The Danger of Regression Under Trump


In his first year of office, President Trump has repeatedly suggested that he does not plan to continue Obama’s strategy of negotiating with Pyongyang and Tehran. In September of this year, Trump accused Seoul of appeasing the North. Glenn Thrush and Mark Landler write in The New York Times: “In invoking South Korean “appeasement,” he criticized Seoul’s proposal to hold military talks with the North, saying of Pyongyang, “they only understand one thing” — meaning the “threat of military force.” Similarly, a number of Trump’s supporters on the right, including Florida Senator Marco Rubio, have argued that the President’s promise to eventually dismantle the Joint Comprehensive Plan of Action signals the end of a U.S. policy of “appeasement” toward Iran. Rubio even directly invokes 1938, writing in a tweet that “As currently structured, the deal is 21st century equivalent of the Munich Agreement.”


There are a few logical issues with equating negotiating with Pyongyang and Tehran to appeasement in the Munich context. First, again, the Munich Agreement was a consequence of the geostrategic vulnerability of Great Britain in 1938 and Chamberlain’s uncertainty about levels of international support in the event of a full-scale war. The United States in 2017 is not in this position. There is absolutely no threat of Pyongyang and Tehran pursuing territorial expansion in the United States’ backyard. While there are concerns about Iran funding terrorist organizations like Hezbollah that threaten the stability of areas of geostrategic importance to the United States in the Middle East, it is simply not the same kind of direct and immediate threat to national security that Great Britain faced from Nazi Germany. Additionally, when the United States negotiates with Iran and North Korea, it is doing so from a position of strength. The military capacity, economic strength, and international political influennce of the United States vis-a-vis both of these countries is astronomical, and cannot be compared to the position of Great Britain in relation to Hitler’s Germany in 1938.

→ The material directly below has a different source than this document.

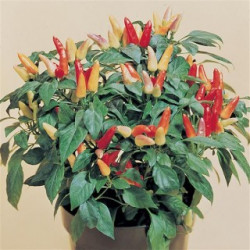 Перец и томат декоративный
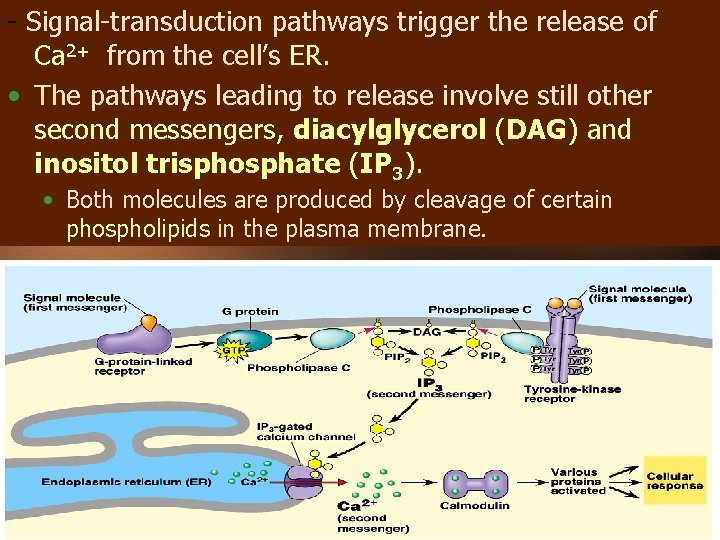 - Signal-transduction pathways trigger the release of Ca 2+ from the cell’s ER. •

Ultimately, these modern allegations of appeasement signal that the United States is reverting back to the pre-Obama conceptions of appeasement. Underlying Trump and Rubio’s comments are both of the assumptions that have defined U.S. interpretations of the lessons of Munich since World War II—that any engagement is dangerous and that hostile regimes will only respond to strong force. This regression is extremely dangerous. By equating any kind of engagement with appeasement, Trump is abandoning the Obama-era strategy of engaging in negotiations with historically unfriendly regimes as a tool for achieving U.S. interests. Finally, by adapting this conception of appeasement, President Trump is framing the North Korean and Iranian nuclear programs as problems that can only be solved through the use of escalating threats and eventually force. As Senator Bob Corker warned in October, these kinds of threats—coupled with a President with a propensity for recklessness—could put the United States “on the path to World War III.”